I believe I have said my say, and shall merely add that every time Don Pedro puts on his old hat, he says, - "What can McLean be about with my two hats?" "May be," say I, "he has taken them to the Exhibition!" What lots you will have to tell me, when you come back! Till then, believe me, as ever,
Your loving old Mother
P.S. I find I cannot write to the Campbells this post, so shall send this through the Major. Don Pedro is writing to Mr. Cooper, all the local news about roads, Reform Clubs, etc. etc., so you had better get the cream of such matters from him, as I am but a poor hand at such skimmings.

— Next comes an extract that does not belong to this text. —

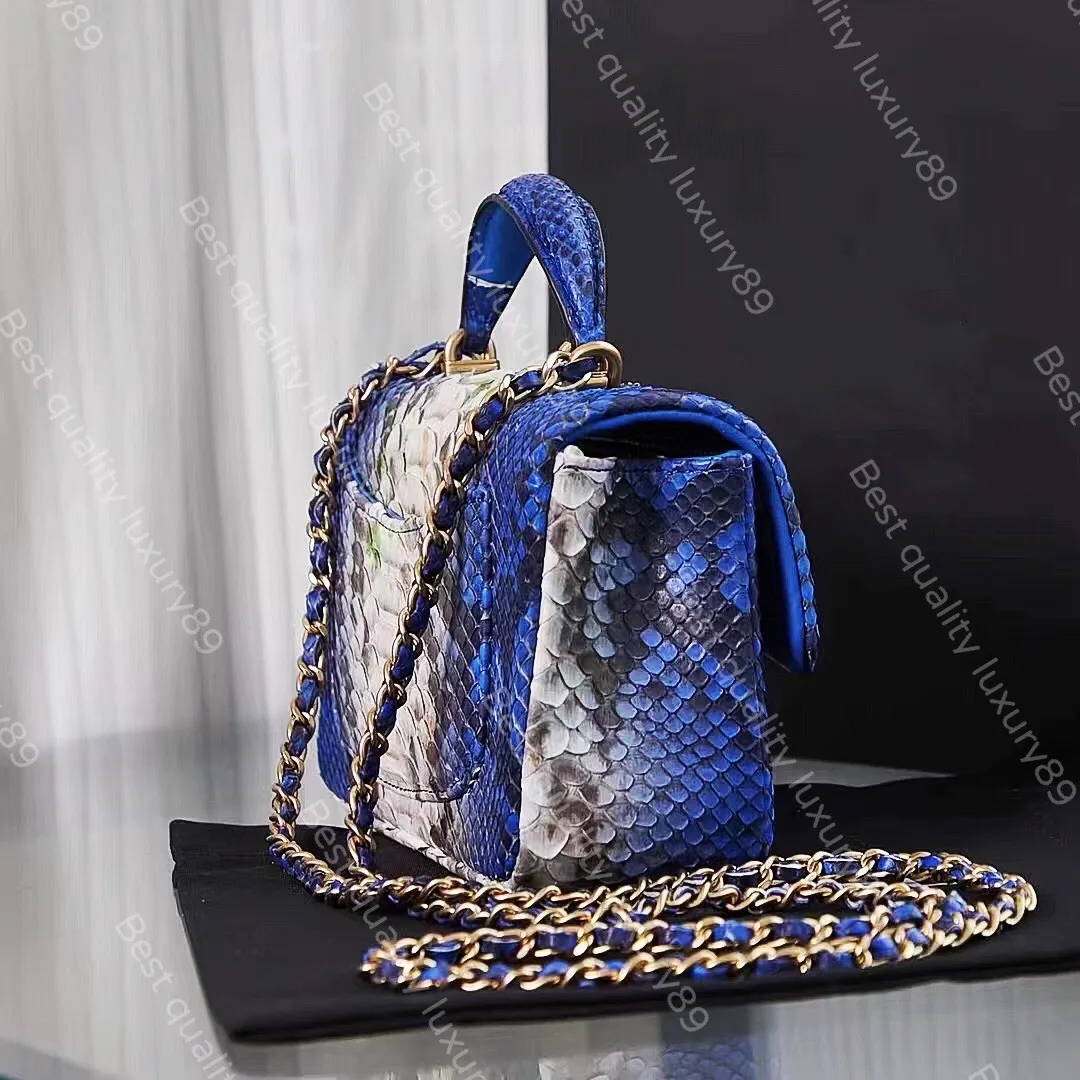19A Mirror Luxury Python Skin Shoulder Bag – Designer Diagonal Crossbody from Imported Original Factory - Image 3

It is allowed by all that the best part of a woman's letter is always found in the Post Script. The truth is found in this one; for although I do not give the important news myself, I point out to you where you can obtain it. I must positively say "Good-bye, and God bless you." It is getting late, and I must rest my old bones against my work for to-morrow. I have not had a servant for months. I find this hard work wearing me very fast. "Grin and bear it," must be, not only my motto, but that of all the New Plymouth ladies.